Data extract: Begin

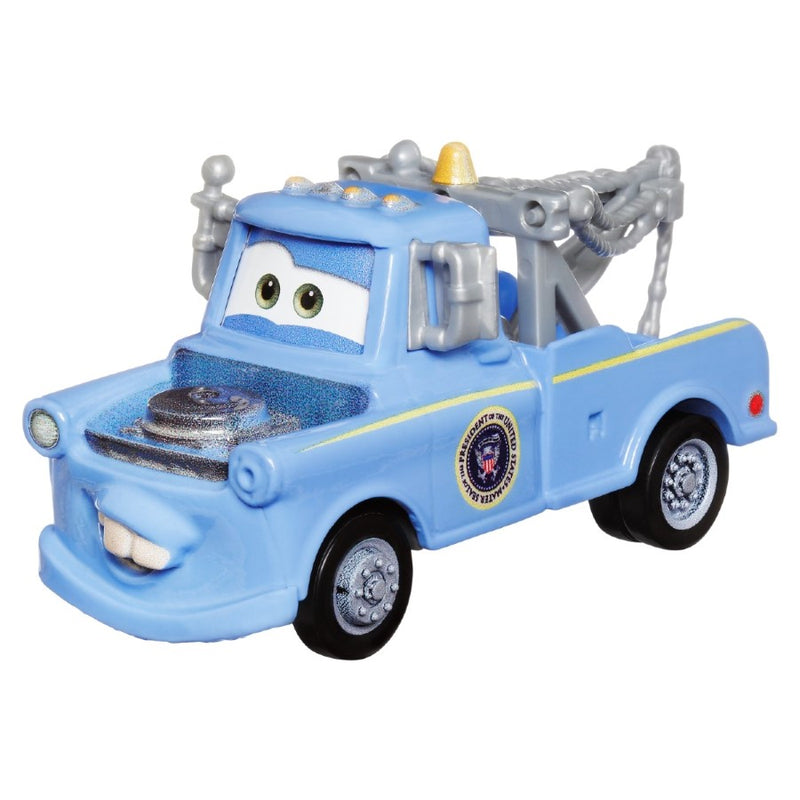 Disney Cars on the Road - President Mater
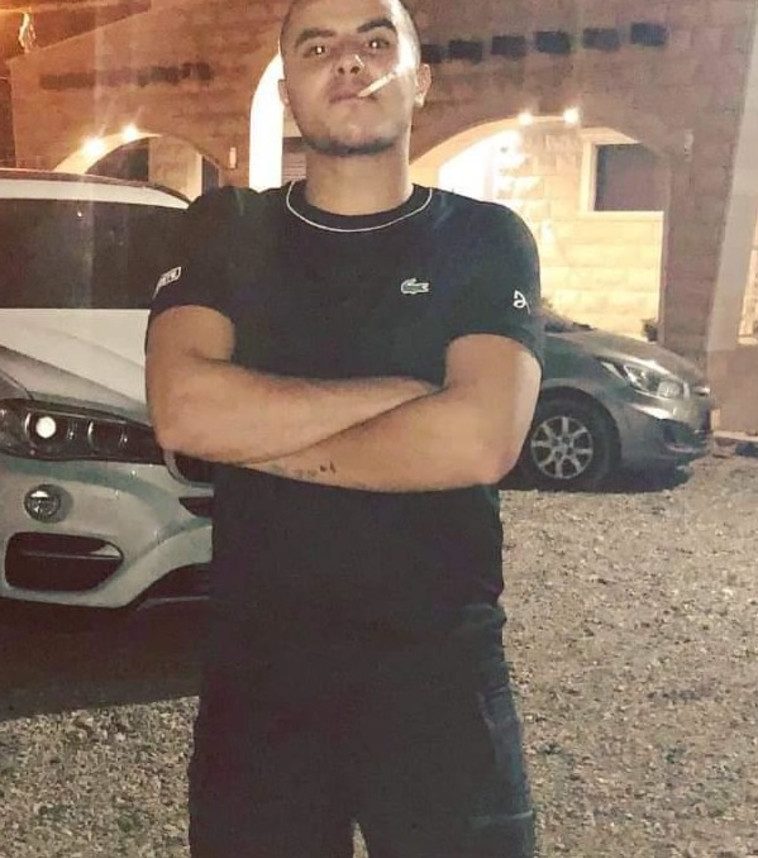 מחמוד איימן מחאג׳נה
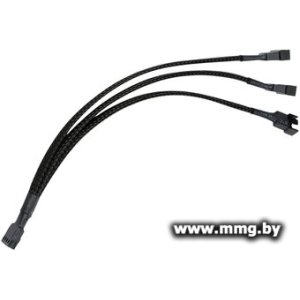 Купить Разветвитель вентиляторов Cablexpert CC-FAN-1F3M-27CM в Минске, доставка по Беларуси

Data extract: End

• [Directions] Leave out the pictures and return the listing exactly.

• [Exercise response]
 Disney Cars on the Road - President Mater
 מחמוד איימן מחאג׳נה
 Купить Разветвитель вентиляторов Cablexpert CC-FAN-1F3M-27CM в Минске, доставка по Беларуси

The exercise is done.